What to work on
Retype the whole listing, please, keeping every line exact and dropping the pictures.

Input data
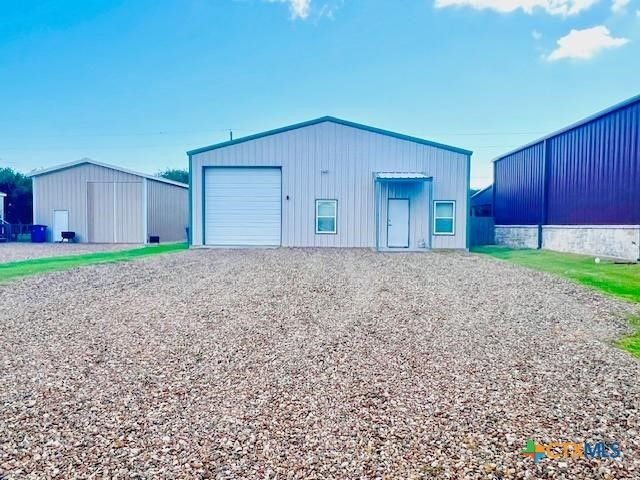 76 Coastal Oaks Loop, Port O'connor, TX 77982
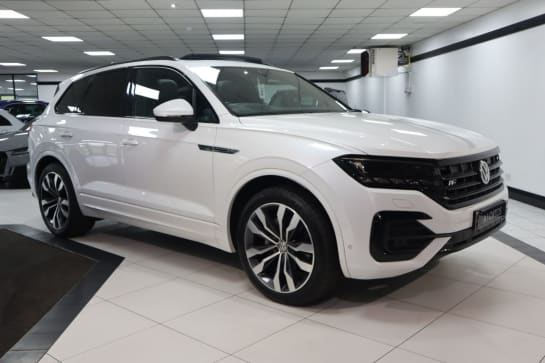 A null VOLKSWAGEN TOUAREG 3.0 TDI V6 R-Line Tech SUV 5dr Diesel Tiptronic 4Motion Euro 6 (s/s) (286 p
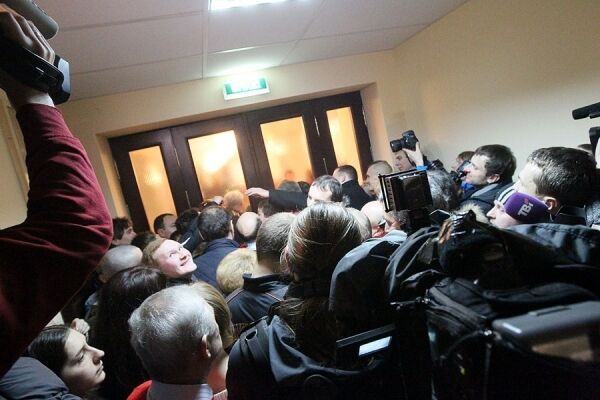 Двери в Киевсовете ломали около 200 человек - милиция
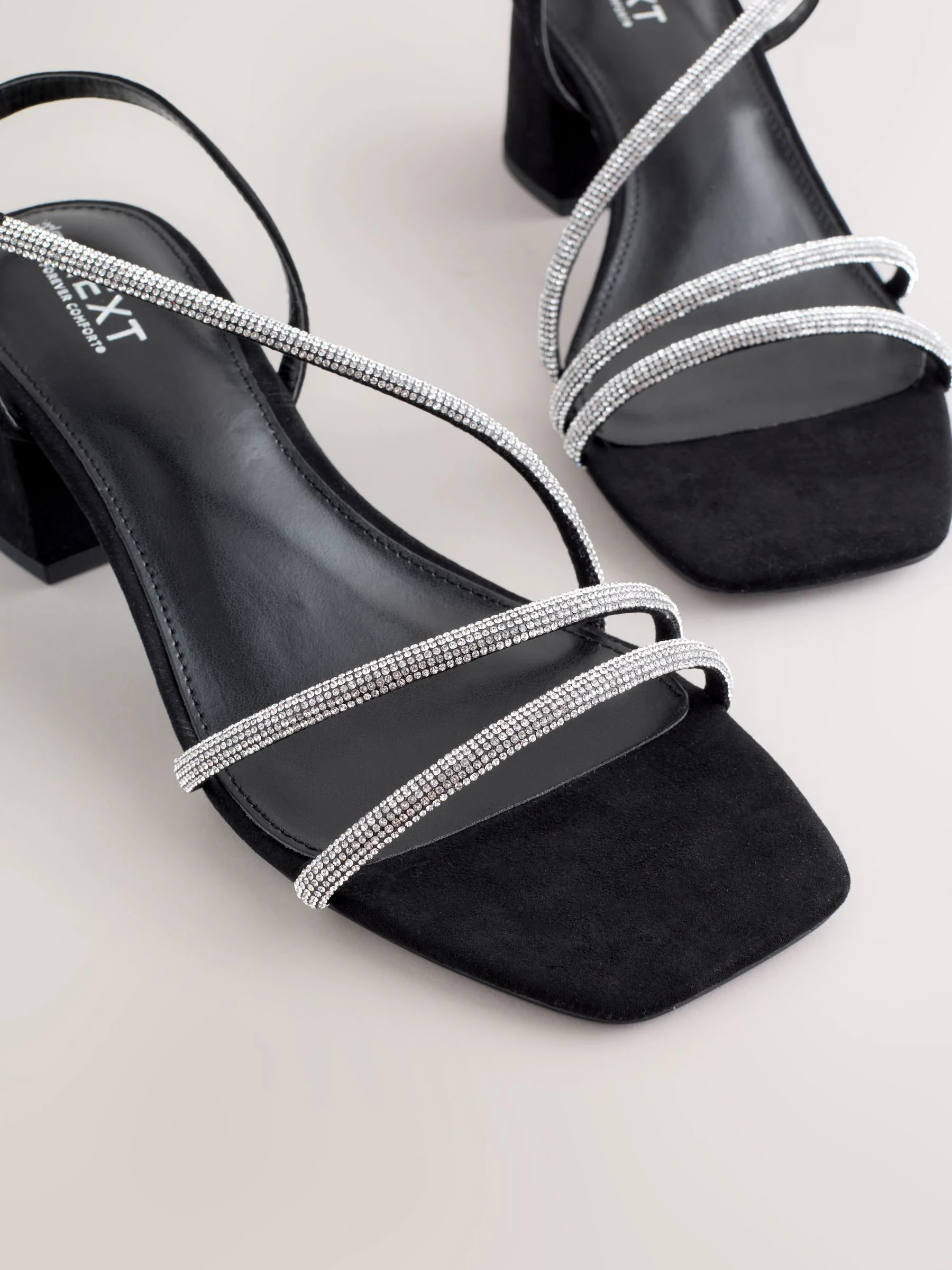Zwart - Forever Comfort Square Toe Jewelled Strappy Block Heeled Sandals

Response to this exercise
 76 Coastal Oaks Loop, Port O'connor, TX 77982
 A null VOLKSWAGEN TOUAREG 3.0 TDI V6 R-Line Tech SUV 5dr Diesel Tiptronic 4Motion Euro 6 (s/s) (286 p
 Двери в Киевсовете ломали около 200 человек - милиция
Zwart - Forever Comfort Square Toe Jewelled Strappy Block Heeled Sandals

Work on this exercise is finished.